Par déclaration au greffe du 25 septembre 2019, la société Gamed Pressing Meudon a interjeté appel de cette décision.
Par arrêt du 6 avril 2022, la cour d'appel de Versailles a ordonné la réouverture des débats et la révocation de l'ordonnance de clôture pour permettre l'intervention volontaire ou l'assignation forcée par la salariée qui a formé appel incident de Maître Basse es-qualité de liquidateur judiciaire de la société Gamed Pressing Meudon et de l'AGS et aux parties de déposer de nouvelles conclusions ;
Par courriers du 20 mai 2022 et du 28 juin 2022, maître Christophe Basse, mandataire liquidateur de la société Gamed Pressing Meudon, a indiqué qu'il ne serait pas représenté dans cette affaire, compte tenu de l'impécuniosité de la liquidation, qu'il s'en rapportait à la sagesse de la cour, précisant ne pas maintenir l'appel formé par son administrée ;
Par dernières conclusions remises au greffe et notifiées par RPVA le 7 septembre 2022, auxquelles il est renvoyé pour un plus ample exposé des moyens, Madame [V] [Y], intimée, demande à la cour de :
- Déclarer recevable et bien fondée l'assignation en intervention forcée délivrée à sa requête à l'encontre du centre de gestion et d'études AGS CGEA Ile-de-France Ouest, [Adresse 2], [Localité 7].
- Adjuger au requérant le bénéfice de ses écritures en ce qu'elles sont dirigées notamment à l'encontre de l'AGS CGEA Ile-de-France Ouest.
- Juger que l'arrêt à intervenir sera déclaré commun et opposable au centre de gestion et d'études AGS CGEA Ouest dans les limites de sa garantie légale.
- Déclarer recevable et bien fondée l'assignation en intervention forcée délivrée à sa requête à l'encontre de la SELARL C. Basse prise en la personne de maître Christophe Basse désigné en qualité de liquidateur judiciaire de la société Gamed Pressing Meudon par jugement du tribunal de commerce de Nanterre du 22 mars 2022 dans la procédure actuellement pendante devant la cour d'appel de Versailles entre Madame [V] [Y] et la société Gamed Pressing Meudon.

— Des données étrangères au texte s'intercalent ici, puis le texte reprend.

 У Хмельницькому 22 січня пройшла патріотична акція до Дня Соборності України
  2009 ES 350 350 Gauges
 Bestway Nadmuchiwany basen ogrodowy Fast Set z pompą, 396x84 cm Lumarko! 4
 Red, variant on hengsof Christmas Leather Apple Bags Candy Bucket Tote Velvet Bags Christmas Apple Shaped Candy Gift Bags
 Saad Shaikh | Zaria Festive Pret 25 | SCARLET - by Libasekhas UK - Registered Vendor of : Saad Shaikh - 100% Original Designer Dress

- Juger que la SELARL C. Basse prise en la personne de maître Christophe Basse désigné en qualité de liquidateur judiciaire de la société Gamed Pressing Meudon sera tenue d'intervenir dans l'instance actuellement pendante devant la 15ème chambre sociale de la cour d'appel de Versailles - RG n° 19/03580.
- Juger que l'arrêt à intervenir sera déclaré opposable à la SELARL C. Basse prise en la personne de maître Christophe Basse désigné en qualité de liquidateur judiciaire de la société Gamed Pressing Meudon.

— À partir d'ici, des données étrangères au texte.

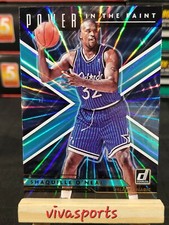 2021-22 Donruss Basketball Power In The Paint Holo Teal Laser *Shaquille O'neal*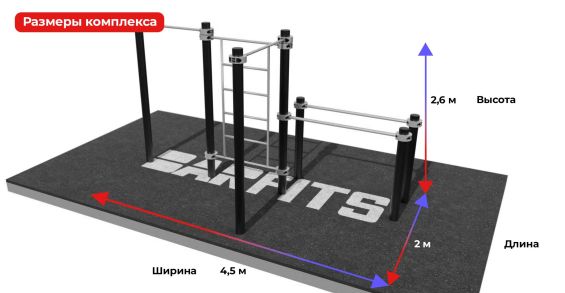 ДВА ТУРНИКА, БРУСЬЯ, ШВЕДСКАЯ СТЕНКА СВС-29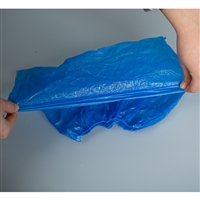 北京蓝色短筒鞋套 防水防滑塑料脚套厂家 便携卫生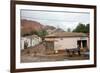 Street Scene in Purmamarca with the Mountain of Seven Colors in the Background-Yadid Levy-Framed Photographic Print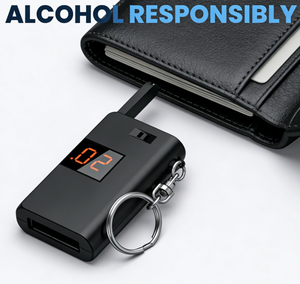 Éthylotest porte-clés Airsense BAC (noir) |   Testeur d'alcool portable de poche pour usage personnel - Product Image 1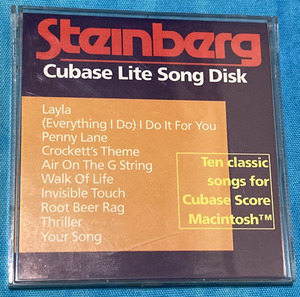 Steinberg Cubase Lite Song Disk ☆ MIDI データ曲集ディスク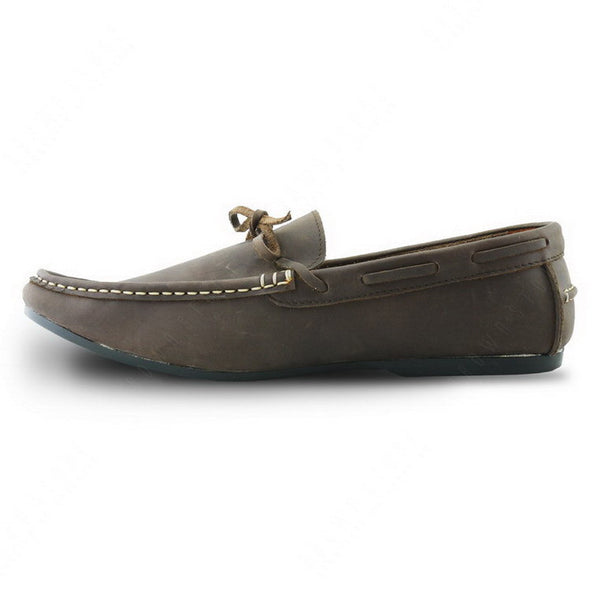 Casualist Lace Leather Loafer Dark Natural Nubuck - Assembly Artisans Co.,Ltd.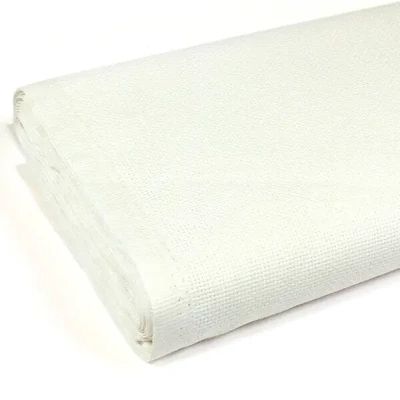 Kongré, Aida platno za vezenje križićima, 14 broja, širina 150 cm - bijelo, 10 cm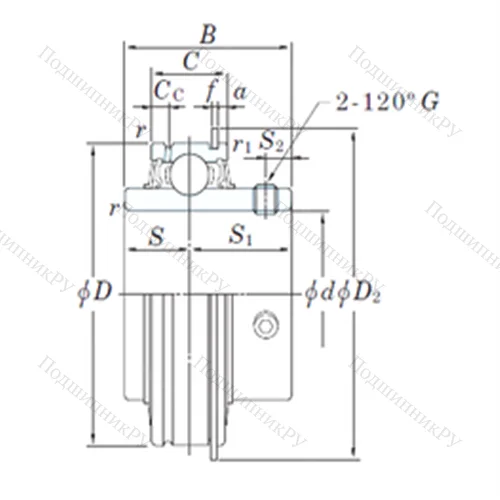 Подшипник шариковый радиальный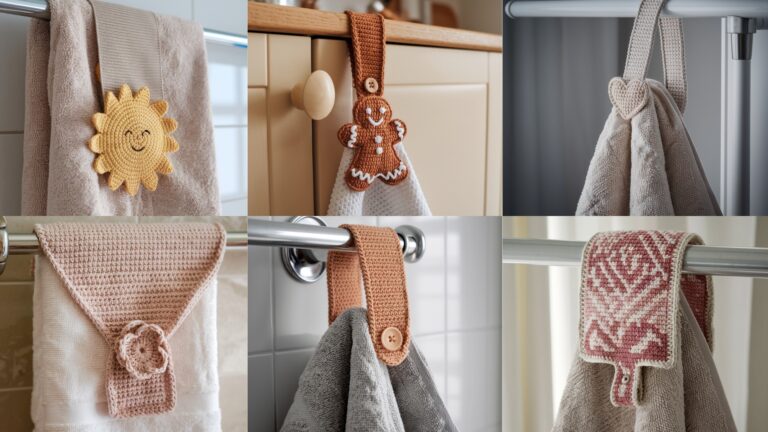 6 Cute Crochet Towel Topper Patterns You Can Make Today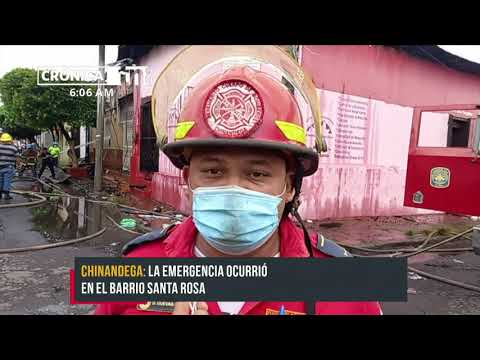 Voraz incendio afecta varias viviendas en Chinandega - Nicaragua
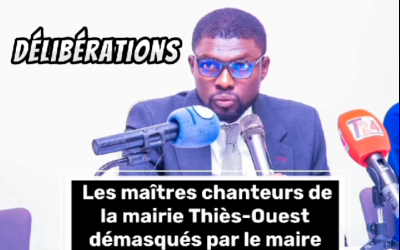 Commune de Thiès-Ouest : Le Maire, Dr Mamadou DJITTE, répond à ses détracteurs… (Version Française)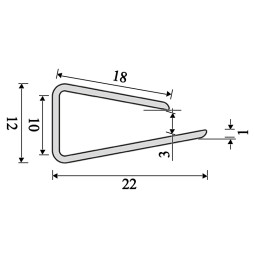 Set of LED plastic clips for glass shelf lighting with manual switch 6pcs 110-240VAC 6 cm warm white light, black wire LEDUA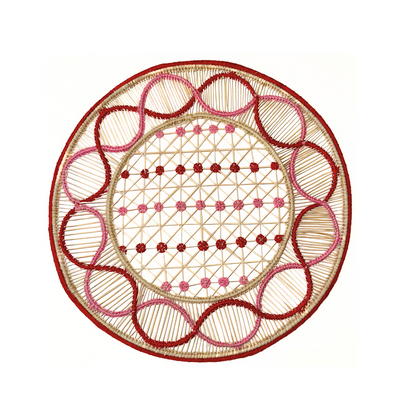 Jolly Red Iraca Placemat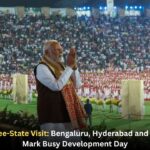 PM Modi’s Three-State Visit: Bengaluru, Hyderabad and Gujarat Events Mark Busy Development Day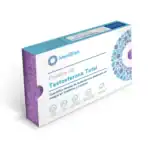 Prueba de testosterona total en sangre para detectar niveles hormonales en hombres y mujeres.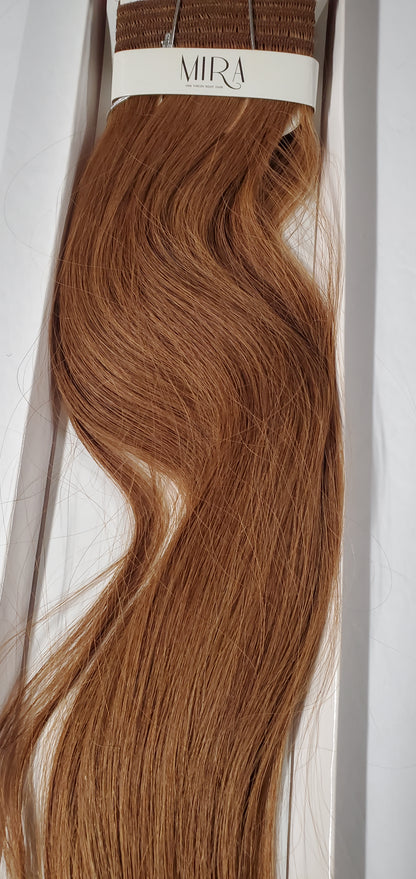 Virgin remy hair tangle-free yaky weave; straight sew-in weft image 2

- Juger les demandes de condamnations formulées initialement contre la société Gamed Pressing Meudon par voie de conclusions signifiées en tête des présentes opposables à la SELARL C. Basse en la personne de maître Christophe Basse désignée en qualité de mandataire liquidateur
Par conséquence :
- Confirmer le jugement rendu par le conseil de prud'hommes de Boulogne-Billancourt le 3 juillet 2019 en ce qu'il a jugé l'absence de faute grave, requalifié le licenciement pour faute grave en licenciement sans cause réelle et sérieuse.

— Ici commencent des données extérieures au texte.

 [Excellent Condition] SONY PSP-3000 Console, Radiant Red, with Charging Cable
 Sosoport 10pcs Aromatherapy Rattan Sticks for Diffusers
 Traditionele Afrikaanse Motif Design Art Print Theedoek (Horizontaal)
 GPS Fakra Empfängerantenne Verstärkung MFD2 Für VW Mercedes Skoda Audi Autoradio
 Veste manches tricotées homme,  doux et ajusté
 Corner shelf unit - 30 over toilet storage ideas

- Fixer au passif de la société Gamed Pressing Meudon à son profit les sommes de :
- 5 816,16 euros au titre de l'indemnité de préavis ;
- 581,61 euros au titre des congés y afférents ;
- 9 208,92 euros au titre de l'indemnité de licenciement ;
- 805,10 euros au titre du rappel de salaires pendant la mise à pied d'octobre 2017 ;
- 80,51 euros au titre des congés y afférents ;
- 1 486,76 euros au titre du rappel de salaires pendant la mise à pied de novembre 2017 ;
- 148,67 euros au titre des congés y afférents ;
- 895 euros au titre de l'article 700 code de procédure civile ;
Sur l'indemnité au titre du licenciement sans cause réelle et sérieuse :
- Confirmer le jugement rendu par le conseil de prud'hommes de Boulogne-Billancourt le 3 juillet 2019 en ce qu'il a jugé son licenciement sans cause réelle et sérieuse et fait droit à sa demande d'indemnité pour licenciement sans cause réelle et sérieuse ;
- Réformer uniquement sur le quantum de l'indemnité pour licenciement sans cause réelle et sérieuse ;
Statuant à nouveau sur le quantum de l'indemnité pour licenciement sans cause réelle et sérieuse :
- Fixer au passif de la société Gamed Pressing Meudon à son profit la somme de 31 988 euros (11 mois de salaires) au titre de l'indemnité pour licenciement sans cause réelle et sérieuse ;
- Confirmer le jugement rendu par le conseil de prud'hommes de Boulogne le 3 juillet 2019
en ce qu'il a dit que les sommes porteront intérêt à compter de la date du prononcé du jugement rendu par le conseil de prud'hommes de Boulogne-Billancourt ;
- Confirmer le jugement rendu par le conseil de prud'hommes de Boulogne-Billancourt le 3 juillet 2019 en ce qu'il a ordonné la remise des documents, attestation pôle emploi conforme, bulletins de paie conformes au présent jugement sous astreinte de 10 euros par jour de retard à compter du 30ème jour après la date du prononcé et qu'il s'est réservé le droit de liquider l'astreinte ;
- Réformer le jugement rendu par le conseil prud'hommes le 3 juillet 2019 en ce qu'il l'a déboutée de ses demandes suivantes :
- 34 896,96 euros (12 mois de salaires) à titre de dommages et intérêts pour harcèlement moral ;
- 17 453,52 euros (6 mois de salaires) à titre de dommages et intérêts pour non-respect de l'obligation de sécurité ;
- 17 453,52 euros (6 mois de salaires) au titre du non-respect de l'obligation de formation ;
- 17 453,52 euros (6 mois de salaires) à titre de dommages et intérêts pour exécution déloyale du contrat de travail
Statuant à nouveau :
- Fixer au passif de la société Gamed Pressing Meudon à son profit les sommes suivantes :
- 34 896,96 euros (12 mois de salaires) à titre de dommages et intérêts pour harcèlement moral ;
- 17 453,52 euros (6 mois de salaires) à titre de dommages et intérêts pour non-respect de
l'obligation de sécurité ;
- 17 453,52 euros (6 mois de salaires) au titre du non-respect de l'obligation de formation ;
- 17 453,52 euros (6 mois de salaires) à titre de dommages et intérêts pour exécution déloyale du contrat de travail
En tout état de cause :
- Juger que les AGS CGEA Ile-de-France Ouest garantira les sommes précitées ;
- Juger l'arrêt à intervenir opposable aux AGS CGEA Ile-de-France Ouest
- Juger que l'arrêt à intervenir sera déclaré commun et opposable au centre de gestion et d'études
AGS CGEA Ouest dans les limites de sa garantie légale.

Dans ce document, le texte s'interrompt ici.